Wednesday, April 10, 2013
140: Siegfried Giedion's Mechanization Takes Command
Working from a wide range of sources, including models, manufacturing records, catalogues, advertising leaflets, etc. (he was frustrated to find that most inventors and businesses did not keep records of failed inventions), Giedion traces the development of mechanization in Western history, from ancient and medieval times to the mid-20th century, with an emphasis on the 19th and 20th century. The books is arranged first thematically and then chronologically, and technologies, photography, painting, and business history are all intermingled, so that the reader can get a sense of the social and cultural context of different kinds of technologies in addition to a general sketch of their development. For instance, his section on movement includes Oresmi's 15th century diagrams of planets in motion, Marey's 19th century photographic studies of birds in flight, Muybridge's photos of men at work and Gilbreth's abstract lines of time and motion studies; as movement becomes more abstract, representations of it (Joyce, Picasso) become more fragmented and sad about the loss of human continuity. Perhaps mechanization, as linked to this rationalization of living movement, separates thought and feeling?

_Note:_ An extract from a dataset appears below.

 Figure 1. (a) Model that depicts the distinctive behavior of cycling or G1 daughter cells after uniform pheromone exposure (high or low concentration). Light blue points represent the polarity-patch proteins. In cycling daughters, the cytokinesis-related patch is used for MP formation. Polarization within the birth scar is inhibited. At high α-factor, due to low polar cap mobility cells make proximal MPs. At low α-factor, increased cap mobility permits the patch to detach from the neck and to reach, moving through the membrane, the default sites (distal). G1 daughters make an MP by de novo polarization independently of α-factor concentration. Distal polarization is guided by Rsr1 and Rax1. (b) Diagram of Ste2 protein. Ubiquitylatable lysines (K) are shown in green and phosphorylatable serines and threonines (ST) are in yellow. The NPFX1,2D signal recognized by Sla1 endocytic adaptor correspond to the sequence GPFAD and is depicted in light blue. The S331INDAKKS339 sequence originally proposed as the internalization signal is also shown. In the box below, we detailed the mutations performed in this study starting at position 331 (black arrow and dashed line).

Giedion uses this vast and rather fragmented anonymous history of technology to caution against the "illusion" of progress, arguing that we have never had so many tools to abolish slavery, but all we show for it is an inability to organize the world or even ourselves. We live in age of "mechanized barbarism, the most repulsive barbarism of all," where a fragmented, mechanized view of the world has prevented us from seeing the whole picture even as revolutions in art and culture since the 20th century have tried to head in a more holistic direction, but it doesn't have to be that way. Giedion argues that in order to achieve an equilibrium between humans and technology, we need to reconnect some of the fragments: individual with community, thinking with feeling, specialized knowledges with one another, and the human body with "cosmic forces," or both man-made AND organic environments.
Basically, we need to become human again, and take a more holistic, contextual approach to technological development. In the wake of WWII and the atomic bomb and fears of nuclear annihilation, this book must have been a welcome relief to those who read it.